A few days ago, Ellen Loo brought her pedalboard (which was put together by her and I) over to the shop for some maintenence work and she also had some changes she wanted done. Here is the original board we put together a while back.
When I opened up the case for the pedaboard, I was shocked to find the state it was in! (So shocked that I forgot to take any photos of it.) In short, it was a mess. Some of the Dual Lock holding the pedals together had fallen apart. Some of the pedals were barely holding on just by the patch cables. Some of the pedals had just given up staying where they were supposed to be. Turns out the pedalboard was stored in a warm and humid place and placed sideways, which usually isn't too big a deal, but since some of the pedals on this board were on risers and some of them stacked, the Dual Lock's adhesive backing was dealing with more weight than it could handle.

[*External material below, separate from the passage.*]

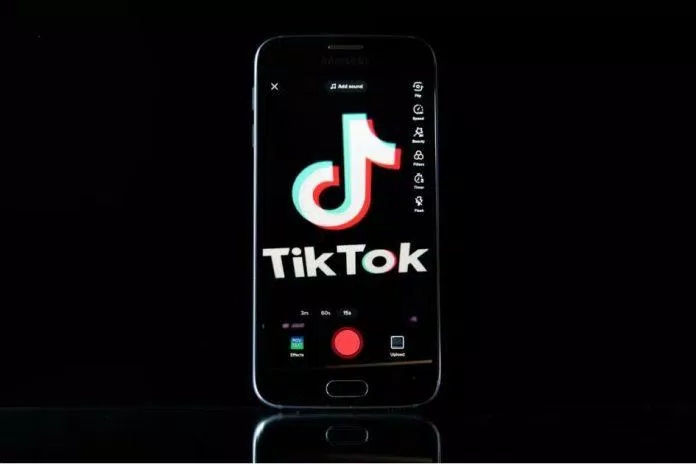 Theo TikTok, chỉ những người đăng ký dislike mới được nhìn thấy nó (Nguồn: Internet) Theo TikTok, chỉ những người đăng ký dislike mới được nhìn thấy nó (Nguồn: Internet)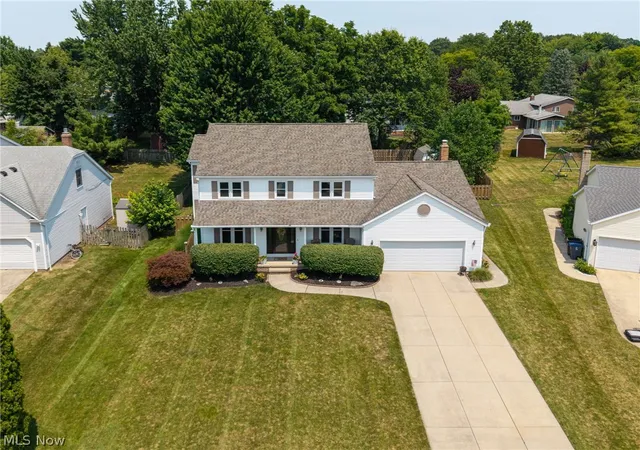 Photo 3 of Single family home for sale at 33321 Popham Ln, Solon, OH 44139 | MLS# 5223149 | Listing updated on 2026-07-22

We were quick to get to work with this one, since we only had a few days before Ellen needed the board back in action. The first thing we did is take apart the whole board and prepare the board to be rebuilt. There was going to be a change in the pedals' positions too, so we planned it all out on a drawing software to make sure all the pedals would fit the way we want them to. After agreeing on a plan with Ellen, we started putting the pedals back together. Instead of just relying on the Dual Lock's adhesive backing, we also wicked in some superglue for all the new pieces, to make sure they weren't going to come loose any time soon. With all the pedals firmly in place, we started on checking, repairing and testing all the patch cables. Some of the patch cable plugs had become unreliable with rust forming on the internal parts, so those were gone and replaced with new ones. After the patch cables were tested for volume and tone, it was onto power cable reorganizing. After everything was plugged in, we tested the board to make sure everything was sounding good, then off it went to the finished work shelf, ready to be picked up.